Himmler selects Colonel Max Radl, a terminally ill officer, to coordinate the top secret mission.
By coincidence, a spy living on a remote, unprotected stretch of English coastline reports that Churchill will be staying overnight nearby on November 6.
Radl pulls together an unlikely team led by Kurt Steiner, a German officer in disgrace for helping a Jew, with aid from Irish Republican Army operative Liam Devlin and hindrance from Harvey Preston, a captured English soldier who defected to the SS.
Steiner’s dozen commandos parachute in to join Devlin, who had already secured the necessary equipment for the snatch.
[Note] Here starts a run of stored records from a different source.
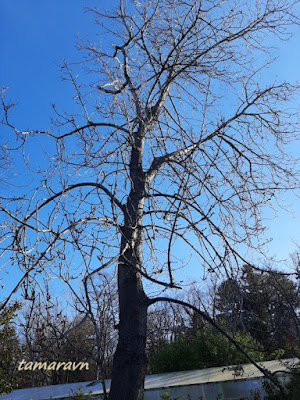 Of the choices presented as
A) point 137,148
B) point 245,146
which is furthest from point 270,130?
point 137,148

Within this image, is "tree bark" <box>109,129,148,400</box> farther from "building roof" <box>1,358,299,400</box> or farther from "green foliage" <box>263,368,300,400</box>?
"building roof" <box>1,358,299,400</box>

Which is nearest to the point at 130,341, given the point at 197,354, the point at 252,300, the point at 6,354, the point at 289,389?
the point at 252,300

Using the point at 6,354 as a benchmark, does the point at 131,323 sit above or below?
below

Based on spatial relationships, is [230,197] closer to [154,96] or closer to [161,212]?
[161,212]

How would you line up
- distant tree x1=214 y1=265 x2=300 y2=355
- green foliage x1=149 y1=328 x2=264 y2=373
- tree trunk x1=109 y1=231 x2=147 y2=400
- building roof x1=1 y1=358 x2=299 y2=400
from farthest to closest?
green foliage x1=149 y1=328 x2=264 y2=373 → building roof x1=1 y1=358 x2=299 y2=400 → distant tree x1=214 y1=265 x2=300 y2=355 → tree trunk x1=109 y1=231 x2=147 y2=400

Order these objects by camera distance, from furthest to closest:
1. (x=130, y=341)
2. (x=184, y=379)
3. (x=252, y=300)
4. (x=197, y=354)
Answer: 1. (x=197, y=354)
2. (x=184, y=379)
3. (x=252, y=300)
4. (x=130, y=341)

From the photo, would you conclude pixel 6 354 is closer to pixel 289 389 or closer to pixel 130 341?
pixel 130 341

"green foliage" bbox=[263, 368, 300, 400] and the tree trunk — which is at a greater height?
the tree trunk

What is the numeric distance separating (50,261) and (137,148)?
201cm

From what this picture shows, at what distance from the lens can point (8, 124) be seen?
421 centimetres

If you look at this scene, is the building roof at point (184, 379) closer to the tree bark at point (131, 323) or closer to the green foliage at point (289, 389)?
the green foliage at point (289, 389)

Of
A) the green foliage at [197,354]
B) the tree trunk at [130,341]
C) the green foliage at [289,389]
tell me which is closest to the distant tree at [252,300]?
the green foliage at [289,389]

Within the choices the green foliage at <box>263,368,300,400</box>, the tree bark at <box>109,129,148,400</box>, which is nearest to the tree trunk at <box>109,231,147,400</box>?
the tree bark at <box>109,129,148,400</box>

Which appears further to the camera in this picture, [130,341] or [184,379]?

Then things start going wrong.
Novelist Jack Higgins’ characters are puzzling, contradictory personalities, not your typical war novel stereotypes. In fact, the Eagle’s battle-hardened German soldiers are too nice. Joseph Wambaugh’s Choirboys would be more believable. They’d fit in with American Colonel Shafto, who thinks nobody can run a war as well as he.
Despite that highly intriguing flaw, The Eagle lives up to his book jacket blurbs.
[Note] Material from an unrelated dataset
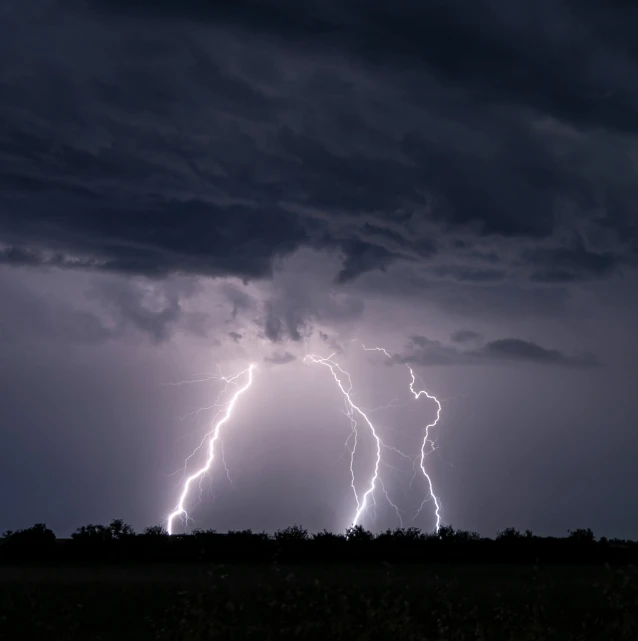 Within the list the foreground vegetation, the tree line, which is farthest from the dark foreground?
the tree line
Tinker, Tailor, Soldier, Spy is a novel about ex-spymaster George Smiley’s efforts to uncover the double agent responsible for virtual collapse of the British Intelligence Service in the Cold War era.
Smiley had been forced out of the Circus, the British spy agency at which he’d been Control’s number 2, when a group of four young men rose to leadership and Control himself died.
When the novel opens, Smiley has been called out of retirement to find out which of the four is the double agent. His isn’t a cloak-and-dagger job, but a tedious search for patterns in data.
The excitement in the novel, which the film version probably captures far better than print, is provided mainly through characters’ recollections of what happened years before.
Tinker swings between then and now, telling about characters with multiple names and identities, which made me long for one of the whiteboards seen in police procedurals with photos and brief descriptions of the characters.
In his introduction to the 1991 paperback edition, John le Carré tells of the difficulties he had plotting Tinkerand his sense that the story was already regarded as historical fiction.